I was still curious about why they use the word “Palayan” for migration. I got the answer while interviewing one of the key person in some NGO. He said “When in the old time, people loose the battle, they run away from the field and that is called “Palayan”, similarly, these tribes loose the battle with the life and they run away to survive.” I was shocked. First of all, when there is no education, no opportunities, unfavourable environment, unfavourable nature, crushing poverty, superstitions, you cannot compare this struggle of survival with some battle and bravery. The tribes do not lose the battle, it’s us, who are in a better position lose the battle of humanity. When government cannot provide jobs, water, better education, facilities, security, does anyone really have any right to call migration like “Escapism”? This migration has nothing to do with bravery, they are not going to get any medal if they win, and they do not fight with human enemy. They struggle for their survival and their struggle is against nature, corrupt system and thick skinned leaders. They migrate leaving their lands, families. This is one of the main reasons for the dropouts of bhil children in the school. When they migrate, they don’t escape, perhaps they are about to fight the worst battle for their survival in the alien town. It was sad to find people used the word “Palayan” so easily and carelessly. They don’t even feel that its humiliating for the people who have to leave their place to feed their families.
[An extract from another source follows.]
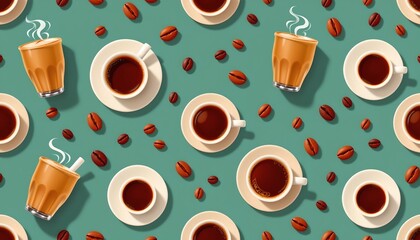 The image features an overhead view of multiple cups and glasses filled with hot beverages, most likely coffee and tea, placed on a flat surface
As a general observation I feel it’s our national character to remain less or no sensitive about others especially when it is about deprived, exploited or subjugated sections of the society. During my interviews I heard this word “Palayan” for so many times as if its just another general word. In fact some people also said “ Wo aate hai, fir bhag jaate hai” (They come and then run away again). I doubt whether any bhil person have noticed the problematic usage of this word because they are busy fighting against their fate. More than ninety percent of the population is under the trap of money lenders. People are not in a position to understand humiliation. They are so much into the battle with their lives. Dropout rates are high hence very few reach to higher education and certain practices like bride price throw them into indebtedness. Life is harsh and cruel. People cannot afford to send their kids to school because if they find teacher is not sincere, they feel the child is wasting valuable time. He can graze their cattle rather than spending few hours in the schools doing nothing. Against this backdrop, people call their misery of migration as “Palayan”. I have seen some bhils taking higher education. I hope someday they will understand the streak of humiliation behind this word and try to change the term.